DESCRIPTION OF THE TASK> Reproduce exactly the lines from the one containing "Panel coverage map" through the last line of the data, both ends included.

EXCERPTED DATA>

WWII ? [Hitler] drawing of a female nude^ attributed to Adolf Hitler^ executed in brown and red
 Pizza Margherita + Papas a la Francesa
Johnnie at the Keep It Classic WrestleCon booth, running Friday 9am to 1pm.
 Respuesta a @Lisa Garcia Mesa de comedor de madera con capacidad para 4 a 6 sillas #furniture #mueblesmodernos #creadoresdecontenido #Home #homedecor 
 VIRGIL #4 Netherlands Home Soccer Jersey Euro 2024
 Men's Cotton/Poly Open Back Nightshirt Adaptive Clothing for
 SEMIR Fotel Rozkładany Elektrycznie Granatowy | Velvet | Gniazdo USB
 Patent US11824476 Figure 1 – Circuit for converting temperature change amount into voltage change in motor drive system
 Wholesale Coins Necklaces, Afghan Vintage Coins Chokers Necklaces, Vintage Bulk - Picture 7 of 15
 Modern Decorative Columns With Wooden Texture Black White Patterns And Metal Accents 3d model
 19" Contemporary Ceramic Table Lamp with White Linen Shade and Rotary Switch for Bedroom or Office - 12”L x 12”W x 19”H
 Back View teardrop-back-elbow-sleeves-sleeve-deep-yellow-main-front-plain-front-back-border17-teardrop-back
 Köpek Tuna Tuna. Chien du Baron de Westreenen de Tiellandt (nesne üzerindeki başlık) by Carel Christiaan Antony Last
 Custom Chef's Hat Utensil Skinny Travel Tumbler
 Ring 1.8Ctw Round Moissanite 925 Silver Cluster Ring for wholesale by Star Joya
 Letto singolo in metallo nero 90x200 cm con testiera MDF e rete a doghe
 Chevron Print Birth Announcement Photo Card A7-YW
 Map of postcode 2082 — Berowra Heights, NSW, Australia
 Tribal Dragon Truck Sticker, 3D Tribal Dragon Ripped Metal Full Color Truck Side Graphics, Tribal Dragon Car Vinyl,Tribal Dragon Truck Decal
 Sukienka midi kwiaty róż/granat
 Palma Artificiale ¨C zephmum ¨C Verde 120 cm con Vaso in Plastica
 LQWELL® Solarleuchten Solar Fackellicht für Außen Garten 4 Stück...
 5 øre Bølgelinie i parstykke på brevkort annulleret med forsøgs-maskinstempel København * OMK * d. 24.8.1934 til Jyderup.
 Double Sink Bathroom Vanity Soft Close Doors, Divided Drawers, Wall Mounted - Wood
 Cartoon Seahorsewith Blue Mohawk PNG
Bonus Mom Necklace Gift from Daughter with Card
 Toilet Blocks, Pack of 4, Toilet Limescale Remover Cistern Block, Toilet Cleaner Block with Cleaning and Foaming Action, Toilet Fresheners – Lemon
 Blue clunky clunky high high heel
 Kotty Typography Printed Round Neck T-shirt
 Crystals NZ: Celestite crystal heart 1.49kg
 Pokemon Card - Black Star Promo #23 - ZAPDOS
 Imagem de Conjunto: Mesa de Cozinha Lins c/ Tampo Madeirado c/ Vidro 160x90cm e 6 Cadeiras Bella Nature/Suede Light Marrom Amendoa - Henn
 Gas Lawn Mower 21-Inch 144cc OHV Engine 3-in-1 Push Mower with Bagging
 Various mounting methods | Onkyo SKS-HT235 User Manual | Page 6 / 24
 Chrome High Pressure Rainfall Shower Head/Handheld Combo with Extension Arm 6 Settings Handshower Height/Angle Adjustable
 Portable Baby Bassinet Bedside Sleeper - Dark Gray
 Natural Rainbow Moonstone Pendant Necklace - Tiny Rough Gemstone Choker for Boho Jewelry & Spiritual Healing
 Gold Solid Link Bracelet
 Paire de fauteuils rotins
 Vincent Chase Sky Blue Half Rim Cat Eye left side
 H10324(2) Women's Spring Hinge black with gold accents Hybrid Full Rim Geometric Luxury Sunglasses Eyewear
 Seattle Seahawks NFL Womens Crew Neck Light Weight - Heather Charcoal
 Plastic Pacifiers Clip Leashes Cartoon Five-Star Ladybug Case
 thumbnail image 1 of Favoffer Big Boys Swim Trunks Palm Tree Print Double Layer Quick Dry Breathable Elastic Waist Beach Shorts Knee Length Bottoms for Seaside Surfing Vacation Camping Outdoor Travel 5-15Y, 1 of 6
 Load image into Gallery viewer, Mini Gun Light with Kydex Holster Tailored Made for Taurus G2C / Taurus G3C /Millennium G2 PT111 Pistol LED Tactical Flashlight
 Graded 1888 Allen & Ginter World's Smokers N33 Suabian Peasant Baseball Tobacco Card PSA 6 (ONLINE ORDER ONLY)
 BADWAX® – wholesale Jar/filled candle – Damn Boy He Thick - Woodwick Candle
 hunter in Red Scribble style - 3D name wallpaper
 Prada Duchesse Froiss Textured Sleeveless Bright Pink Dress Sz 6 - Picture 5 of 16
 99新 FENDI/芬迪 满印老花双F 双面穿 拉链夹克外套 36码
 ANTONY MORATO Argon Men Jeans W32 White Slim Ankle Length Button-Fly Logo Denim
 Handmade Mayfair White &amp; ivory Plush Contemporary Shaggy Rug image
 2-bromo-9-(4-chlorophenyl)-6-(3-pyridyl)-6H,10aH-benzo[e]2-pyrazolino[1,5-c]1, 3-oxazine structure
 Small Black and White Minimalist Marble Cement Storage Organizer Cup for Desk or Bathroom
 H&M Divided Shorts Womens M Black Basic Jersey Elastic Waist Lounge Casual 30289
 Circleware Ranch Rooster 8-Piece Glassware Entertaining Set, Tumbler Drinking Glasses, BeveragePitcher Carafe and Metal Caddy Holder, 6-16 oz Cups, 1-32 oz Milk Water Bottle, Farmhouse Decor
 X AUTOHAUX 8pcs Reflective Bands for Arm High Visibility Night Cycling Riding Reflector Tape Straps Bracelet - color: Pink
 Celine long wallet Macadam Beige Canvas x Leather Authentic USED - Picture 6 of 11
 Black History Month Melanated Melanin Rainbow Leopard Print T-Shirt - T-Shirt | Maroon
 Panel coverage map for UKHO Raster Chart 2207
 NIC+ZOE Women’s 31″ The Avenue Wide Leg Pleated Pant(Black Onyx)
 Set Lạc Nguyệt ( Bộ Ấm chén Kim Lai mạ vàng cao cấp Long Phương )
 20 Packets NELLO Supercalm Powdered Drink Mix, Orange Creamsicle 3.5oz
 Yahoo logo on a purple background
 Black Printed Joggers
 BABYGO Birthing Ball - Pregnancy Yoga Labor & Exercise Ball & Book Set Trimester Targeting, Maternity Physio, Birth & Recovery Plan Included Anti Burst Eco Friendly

ANSWER SECTION>
 Panel coverage map for UKHO Raster Chart 2207
 NIC+ZOE Women’s 31″ The Avenue Wide Leg Pleated Pant(Black Onyx)
 Set Lạc Nguyệt ( Bộ Ấm chén Kim Lai mạ vàng cao cấp Long Phương )
 20 Packets NELLO Supercalm Powdered Drink Mix, Orange Creamsicle 3.5oz
 Yahoo logo on a purple background
 Black Printed Joggers
 BABYGO Birthing Ball - Pregnancy Yoga Labor & Exercise Ball & Book Set Trimester Targeting, Maternity Physio, Birth & Recovery Plan Included Anti Burst Eco Friendly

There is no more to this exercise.